» **PROVIDED ENTRIES**

----------

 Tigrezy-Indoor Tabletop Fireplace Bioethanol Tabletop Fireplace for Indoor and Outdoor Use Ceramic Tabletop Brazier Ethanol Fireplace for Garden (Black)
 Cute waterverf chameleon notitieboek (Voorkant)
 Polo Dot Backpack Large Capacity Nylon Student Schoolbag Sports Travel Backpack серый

----------

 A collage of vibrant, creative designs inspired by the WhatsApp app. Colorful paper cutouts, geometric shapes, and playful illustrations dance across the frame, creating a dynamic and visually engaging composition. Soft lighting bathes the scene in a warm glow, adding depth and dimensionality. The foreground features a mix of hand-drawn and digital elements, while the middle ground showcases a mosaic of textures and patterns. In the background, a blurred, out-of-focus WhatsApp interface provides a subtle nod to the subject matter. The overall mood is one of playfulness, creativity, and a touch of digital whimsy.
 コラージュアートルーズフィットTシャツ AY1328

----------

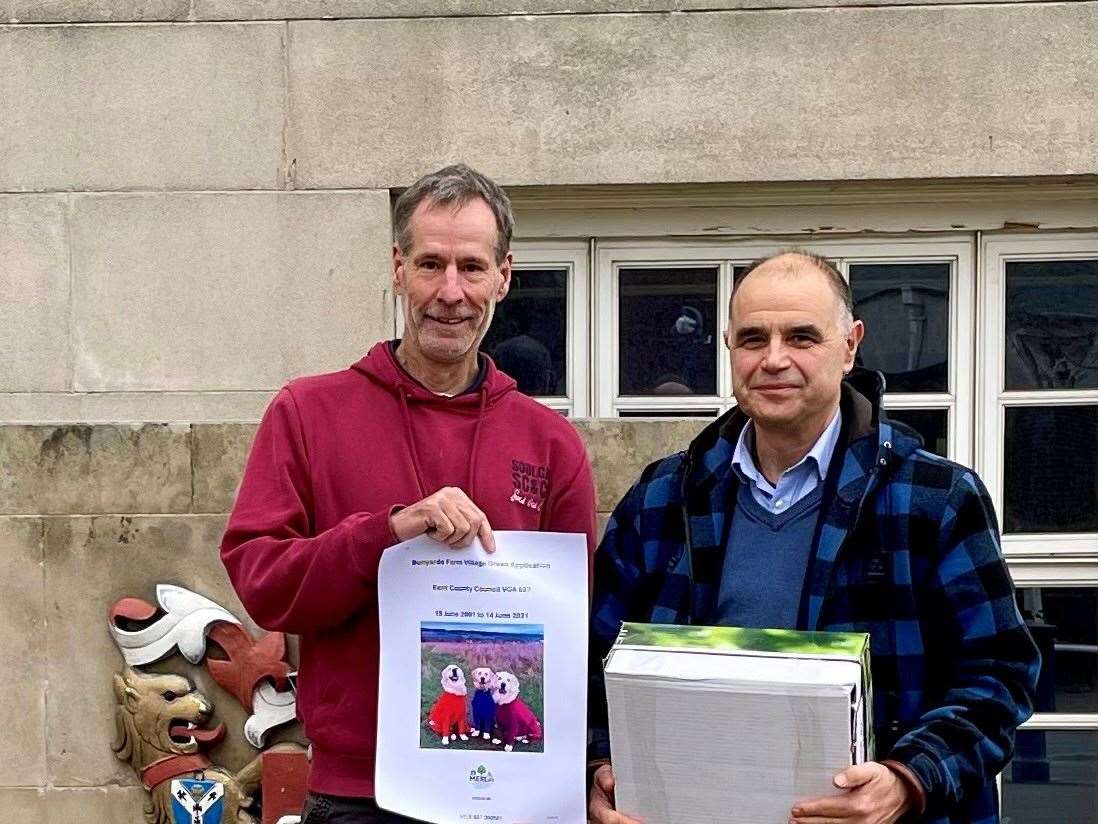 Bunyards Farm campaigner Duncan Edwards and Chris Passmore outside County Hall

----------

Using only the listing above, restate exactly the lines from the line containing "Tigrezy-Indoor Tabletop Fireplace" through the line containing "Polo Dot Backpack", both included.

» **RESULT OF THE TASK**
 Tigrezy-Indoor Tabletop Fireplace Bioethanol Tabletop Fireplace for Indoor and Outdoor Use Ceramic Tabletop Brazier Ethanol Fireplace for Garden (Black)
 Cute waterverf chameleon notitieboek (Voorkant)
 Polo Dot Backpack Large Capacity Nylon Student Schoolbag Sports Travel Backpack серый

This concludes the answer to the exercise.